▶ _The data_
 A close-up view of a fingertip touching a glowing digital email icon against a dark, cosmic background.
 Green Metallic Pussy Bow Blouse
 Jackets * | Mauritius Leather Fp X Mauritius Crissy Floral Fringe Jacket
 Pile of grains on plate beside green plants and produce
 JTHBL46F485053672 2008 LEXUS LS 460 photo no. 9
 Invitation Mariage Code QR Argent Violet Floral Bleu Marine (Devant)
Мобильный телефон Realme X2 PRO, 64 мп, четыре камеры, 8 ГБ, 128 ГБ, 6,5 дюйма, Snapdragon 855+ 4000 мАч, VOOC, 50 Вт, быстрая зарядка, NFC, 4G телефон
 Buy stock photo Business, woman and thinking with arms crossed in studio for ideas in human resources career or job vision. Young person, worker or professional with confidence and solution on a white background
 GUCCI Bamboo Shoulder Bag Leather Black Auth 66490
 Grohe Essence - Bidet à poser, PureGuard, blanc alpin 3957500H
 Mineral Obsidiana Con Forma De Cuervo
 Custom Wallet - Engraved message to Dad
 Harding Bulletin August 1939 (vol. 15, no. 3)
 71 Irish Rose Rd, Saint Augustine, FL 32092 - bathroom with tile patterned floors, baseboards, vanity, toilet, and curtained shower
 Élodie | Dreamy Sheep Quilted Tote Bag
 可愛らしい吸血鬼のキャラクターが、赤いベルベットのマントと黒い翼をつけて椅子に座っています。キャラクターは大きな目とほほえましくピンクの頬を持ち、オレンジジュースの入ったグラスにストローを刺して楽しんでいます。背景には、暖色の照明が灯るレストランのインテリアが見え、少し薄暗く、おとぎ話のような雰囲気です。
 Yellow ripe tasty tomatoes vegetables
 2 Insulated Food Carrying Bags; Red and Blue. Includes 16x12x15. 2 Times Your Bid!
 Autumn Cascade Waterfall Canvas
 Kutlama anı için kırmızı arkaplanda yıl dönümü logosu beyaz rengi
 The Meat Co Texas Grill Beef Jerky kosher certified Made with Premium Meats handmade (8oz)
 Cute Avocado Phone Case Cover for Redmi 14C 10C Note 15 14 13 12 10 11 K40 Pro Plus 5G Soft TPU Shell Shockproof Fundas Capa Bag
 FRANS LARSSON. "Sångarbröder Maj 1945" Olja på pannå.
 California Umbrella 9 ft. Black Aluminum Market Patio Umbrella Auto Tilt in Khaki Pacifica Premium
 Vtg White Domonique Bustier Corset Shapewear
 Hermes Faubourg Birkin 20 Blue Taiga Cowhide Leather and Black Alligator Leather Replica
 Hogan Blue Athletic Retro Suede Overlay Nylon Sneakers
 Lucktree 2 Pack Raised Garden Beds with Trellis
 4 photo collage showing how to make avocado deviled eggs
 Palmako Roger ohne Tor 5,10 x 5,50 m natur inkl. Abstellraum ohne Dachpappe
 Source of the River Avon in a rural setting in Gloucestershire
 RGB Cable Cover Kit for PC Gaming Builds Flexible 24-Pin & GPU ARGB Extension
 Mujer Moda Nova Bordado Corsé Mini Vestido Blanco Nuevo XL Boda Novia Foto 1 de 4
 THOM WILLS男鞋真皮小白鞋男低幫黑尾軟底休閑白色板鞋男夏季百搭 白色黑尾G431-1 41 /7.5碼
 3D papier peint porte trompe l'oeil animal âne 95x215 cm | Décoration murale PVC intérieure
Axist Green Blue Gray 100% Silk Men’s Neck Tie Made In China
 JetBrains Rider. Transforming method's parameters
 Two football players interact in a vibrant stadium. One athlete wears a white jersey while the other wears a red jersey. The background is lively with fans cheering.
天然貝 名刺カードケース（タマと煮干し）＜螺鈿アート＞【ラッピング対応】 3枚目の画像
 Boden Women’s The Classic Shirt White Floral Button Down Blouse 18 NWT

▶ _The problem_
Would you set down exactly the lines from the line with "Palmako Roger ohne" through the last one in the material?

▶ _Task answer_
 Palmako Roger ohne Tor 5,10 x 5,50 m natur inkl. Abstellraum ohne Dachpappe
 Source of the River Avon in a rural setting in Gloucestershire
 RGB Cable Cover Kit for PC Gaming Builds Flexible 24-Pin & GPU ARGB Extension
 Mujer Moda Nova Bordado Corsé Mini Vestido Blanco Nuevo XL Boda Novia Foto 1 de 4
 THOM WILLS男鞋真皮小白鞋男低幫黑尾軟底休閑白色板鞋男夏季百搭 白色黑尾G431-1 41 /7.5碼
 3D papier peint porte trompe l'oeil animal âne 95x215 cm | Décoration murale PVC intérieure
Axist Green Blue Gray 100% Silk Men’s Neck Tie Made In China
 JetBrains Rider. Transforming method's parameters
 Two football players interact in a vibrant stadium. One athlete wears a white jersey while the other wears a red jersey. The background is lively with fans cheering.
天然貝 名刺カードケース（タマと煮干し）＜螺鈿アート＞【ラッピング対応】 3枚目の画像
 Boden Women’s The Classic Shirt White Floral Button Down Blouse 18 NWT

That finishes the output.